Embedded Bias and the Data Journalist’s Role to Provide Clarity

  One key aspect that elicits the importance of data journalism is the role it has undertaken in society. One of the main functions of a journalist is to always question. And data, in the context of journalism, provides a substantiative resource that fills the void created when questioning whether something is credible or not. It provides a sense of rationality to the reader when the journalist makes a claim. However, it’s important to note that as data journalists, when you begin to work with data you are inherently using a tool rooted in bias– Culture, context and society are woven into data, whether recognized or not. And when presenting this data to the public, through a medium that is often perceived as unbiased, it is your responsibility to address this. The role of the data journalist in today’s society is to provide quantitative and qualitative evidence for any particular claim, and it is their responsibility to be inclusive as possible; particularly when addressing social issues.

In Chapter 2 of Queer Data, Kevin Guyan supports this by quoting, “ …data collection processes… are productive and highly political practices though which (only) certain LGB(TI)Q populations are counted.” As a data journalist, it is important to recognized this, especially if you are covering topics concerning the community. It should be noted that simply recognizing this bias is not sufficient. Ethical factors of collection, awareness to gaps in the data, protecting at-risk communities from harm, advocating for inclusion within the dataset, are all contributing factors a data journalist should keep in mind. Failing to account for these only furthers the cultural paradigm that pushes these community to the fringes of the social spotlight.

This idea directly leads to what Criado-Perez describes in “Invisible Women: Data Bias in a World Designed for Men”. When we don’t address these “cultural norms” embedded into data, it is possible to create situations that directly harm individuals. Criado-Perez notes that in a 2016 paper there was “significantly higher transcription error rates for women than men.” Not addressing gender disparities has a significant impact on the livelihood of women. As a data journalist, if you were to use this paper, it’s your responsibility to uncover and address this disparity to prevent further “credibility” of that dataset. If you are not questioning the data, you are only doing half of your job as a data journalist.

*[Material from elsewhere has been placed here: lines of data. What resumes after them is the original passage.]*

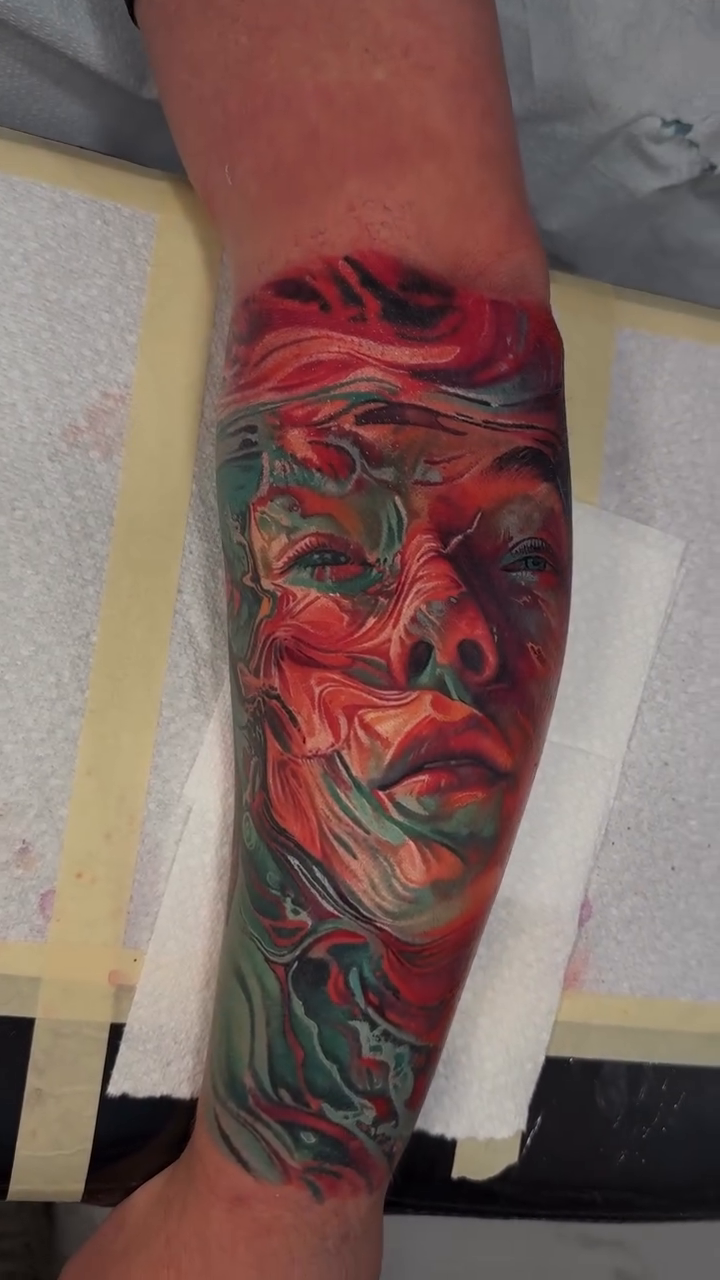 Tattoo by @dparamonov — illustrative, surrealism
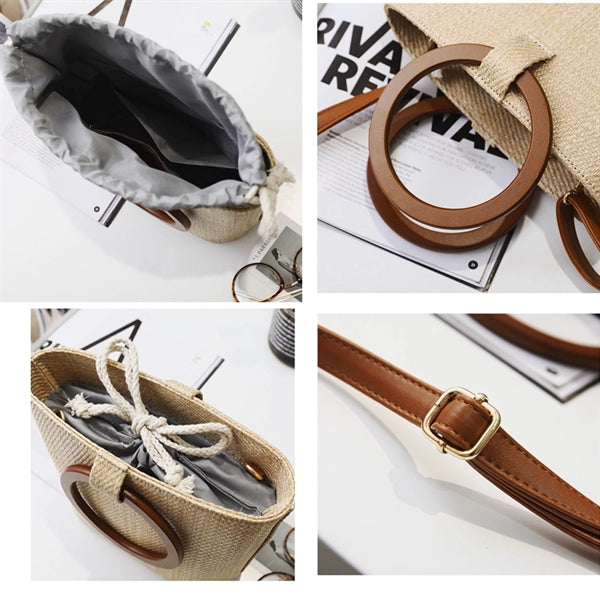 Wood Round Top Handle Rattan Tote Bag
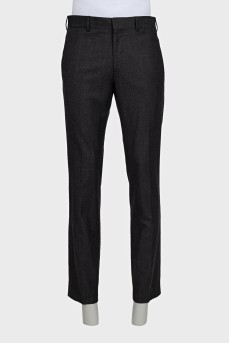 Men's black straight-leg wool and silk trousers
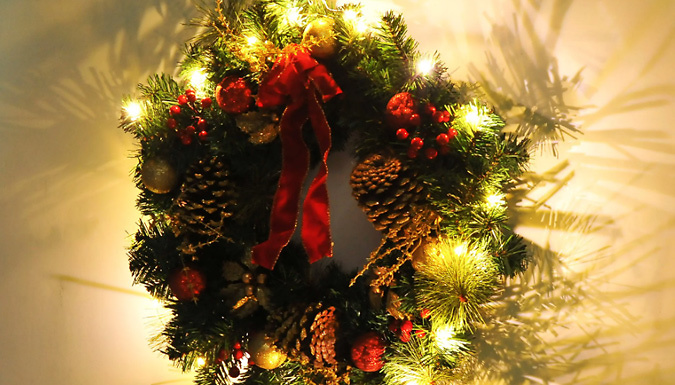 HOMCOM Pre-Lit Artificial Christmas Door Wreath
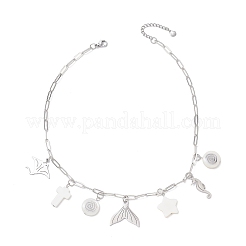 3 stücke 3 arten legierung fischschwanz octopus & natürliche weiße muschel anhänger messing papierklammer kette halsketten für frauen&nbsp;NJEW-JN05406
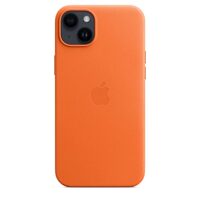 Original iPhone 14 Plus Apple Leather Case, MagSafe, Orange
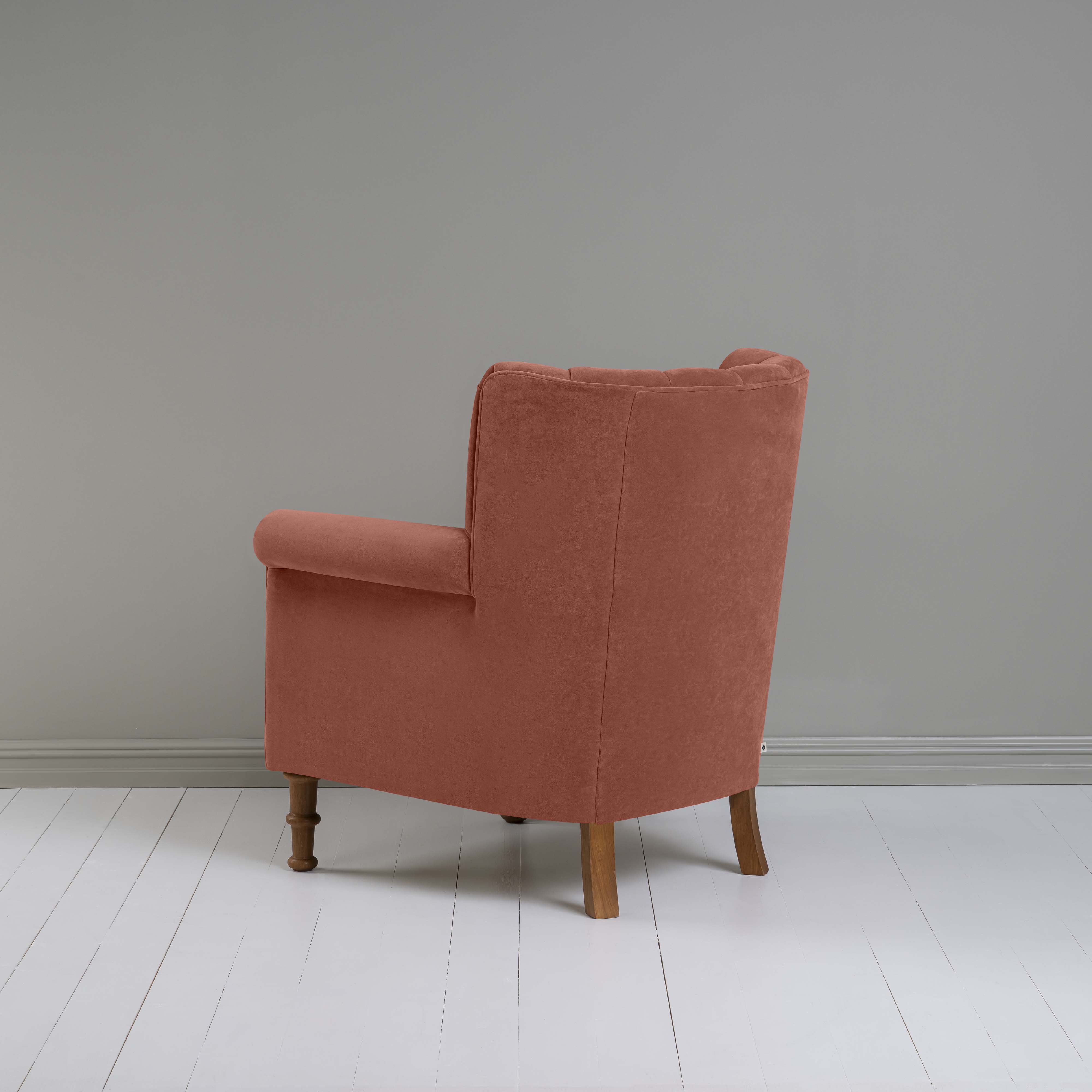  Time Out Armchair in Intelligent Velvet Sienna, Back View - NiX 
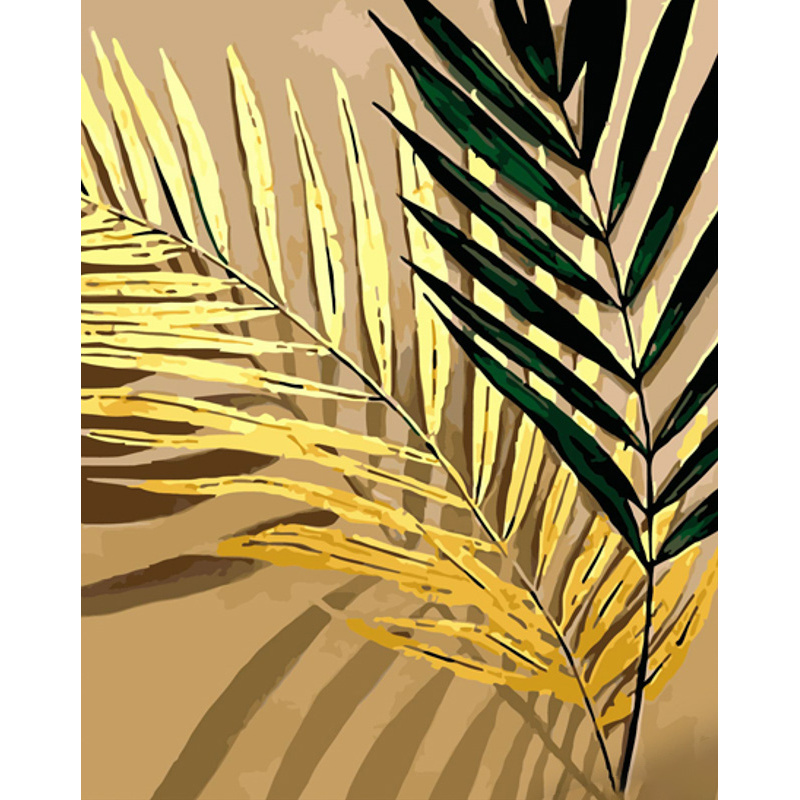 Картина за номерами Strateg Золоте та зелене з лаком та з рівнем розміром 40х50 см (GS1435)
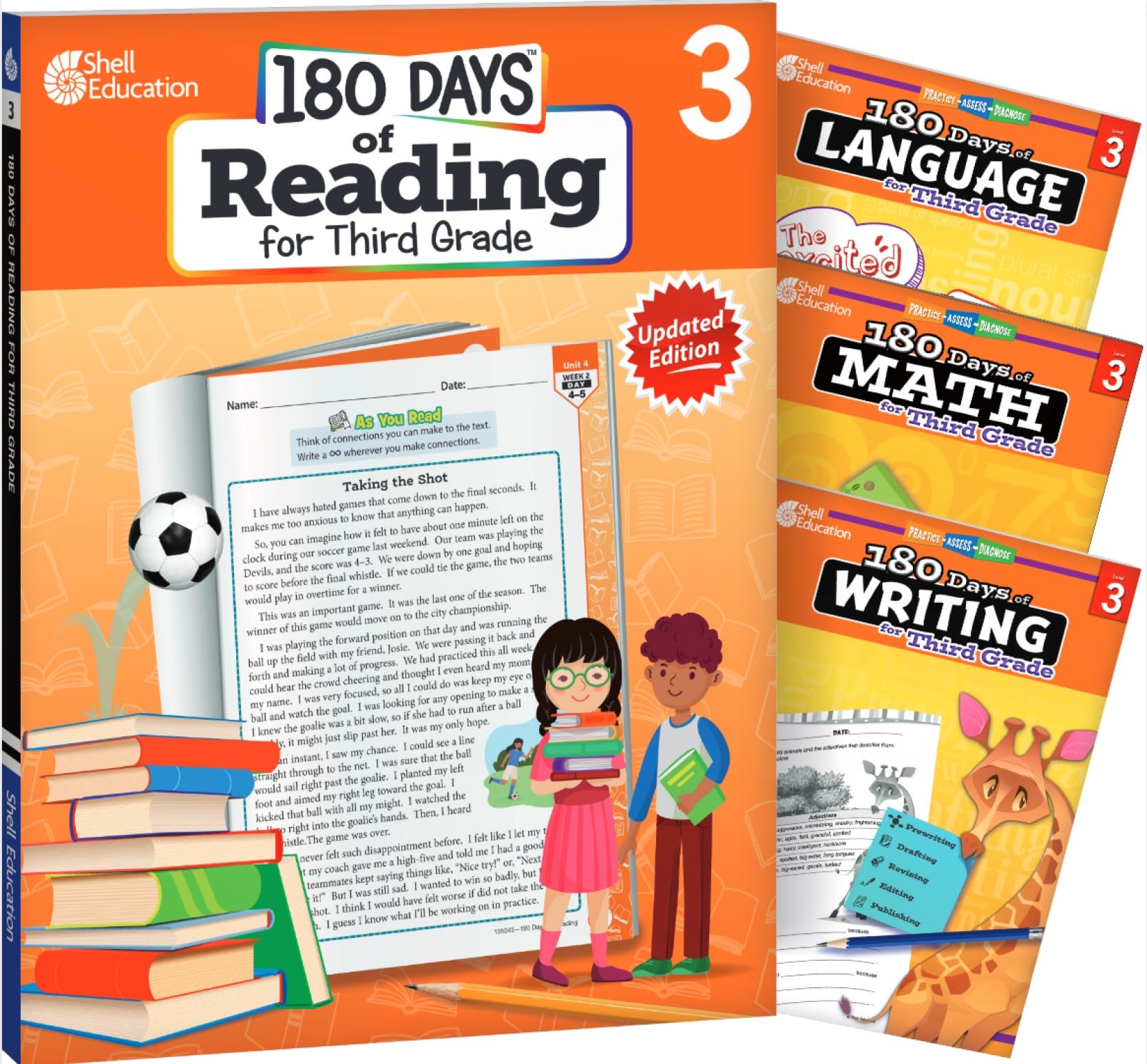 180 Days(tm): Includes 4 Assorted Workbooks for Daily Practice in Reading, Math, Writing, and Grammar Skills for 3rd Grade Practice Workbook for ... Created by Teachers (180 Days of Practice)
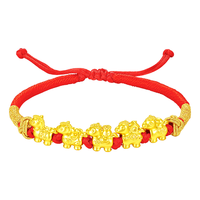 中国黄金(CHINA GOLD)马年本命年黄金手链女五福马红绳生日礼物送女友老婆纪念实用高级 足金五福马红绳【一朵花礼盒】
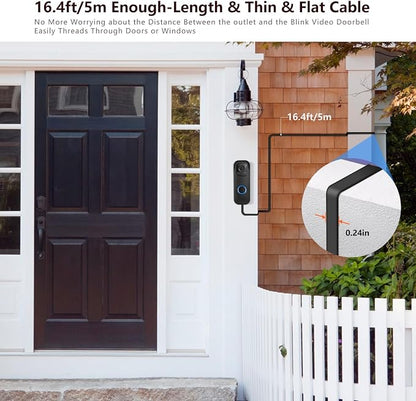 2in1 Power Cable with Adapter & Adhesive Doorbell Mount Compatible with Blink - Image 5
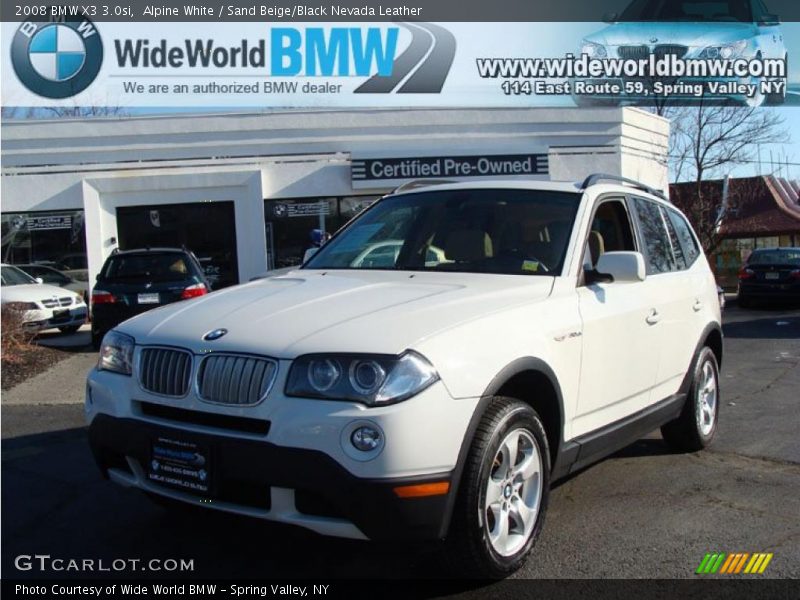 Alpine White / Sand Beige/Black Nevada Leather 2008 BMW X3 3.0si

Alex Howard highlights this concept in his talk, “Data Journalism in the Second Machine Age”. He states, “gathering, cleaning, organizing, analyzing, visualizing and publishing data to support the creation of acts in journalism.” If we use data left uncheck, we are not fulfilling our role as data journalists in modern society. It is the data journalists responsibility to account for any embedded bias, to ensure safe and fair use of data and the populations therein.